Music Halls and Variety Theatres
Music hall was the entertainment for working-class Londoners in the 19th century. Staged in pubs or small theatres, it was loud, raucous and often rude. Variety theatre represented a more commercialised, 20th-century version of music hall. It took place in lavish, large theatres, built and run by the great theatrical impresarios.
Sir Oswald Stoll, the Australian-born entrepreneur who had already established a 'circuit' of theatres in the north, opened the Hackney Empire in 1904, his first London theatre. Next was the Shepherd's Bush Empire, said to be Stoll's favourite. In 1912 came the massive Coliseum in central London. The opening programme was a typical variety mixture of song, dance, acrobatics and spectacle. Topping the bill was the great black singer Eugene Stratton, followed by Tina Clemintina with her dogs, the three Pattinsons on the trampoline, and a full-scale recreation of Derby Day at Epsom involving a moving stage and real horses. Soon after opening, a horse fell off the stage, unfortunately killing his 'jockey'.
The rival 'Moss Empire' circuit under Sir Edward Moss owned the Empire Palace theatres at Finsbury Park, New Cross and Stratford, plus the London Hippodrome. Moss's Palace Theatre in the West End was the venue for the first Royal Variety Command Performance in 1912. King George and Queen Mary sat through a bill that included, controversially, Vesta Tilley, the female to male impersonator.
The other great London circuit was the London Theatre of Varieties Company owned by Walter Gibbons. This ran the Holborn Empire, the Golders Green Hippodrome, the Lewisham Hippodrome, the Oxford Theatre and the Tivoli Theatre, both in the West End. Gibbons' flagship was the London Palladium, which opened in 1910 just off Oxford Circus. The Palladium became London's most famous variety theatre, thanks to its later association with radio and television. 'Saturday Night at the London Palladium' was one of the most popular TV programmes of the 1960s. During the 1930s, the Palladium was the first home of Bud Flanagan and Chesney Allen's 'Crazy Gang'. During the 1940s, it staged the classic performances of the great comedian Max Miller.

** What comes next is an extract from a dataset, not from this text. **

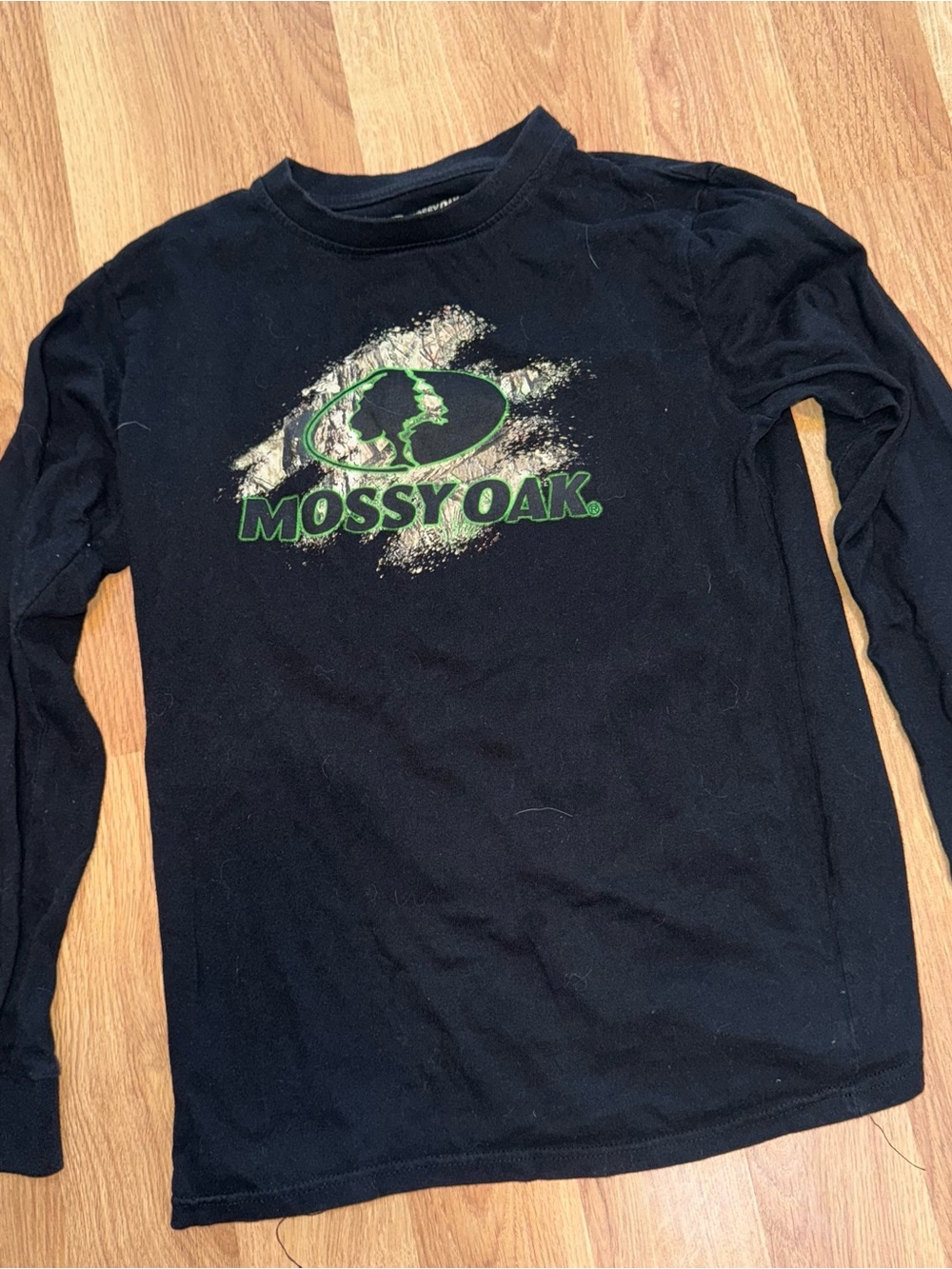 Mossy Oak Black Long Sleeve Tee with Green Logo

As the century progressed, London's variety theatre struggled to keep its audiences in the face of competition from cinema and television. Some theatres resorted to 'girlie' shows. The Windmill Theatre in Soho began its famous live nude tableaux in 1933. During the Second World War, Phyllis Dixey performed her 'Peek-a-boo' semi-striptease at the Whitehall Theatre. This form of variety evolved away from theatres and into smaller clubs, the first of which, Raymond's Revue bar, opened in Soho in 1958.
The 1950s saw many of the old suburban variety theatres close. Woolwich Empire closed in 1958, virtually the last of its breed. The only one to survive into the 21st century was the Hackney Empire, which was restored in the 1990s following years of dedicated effort by its supporters.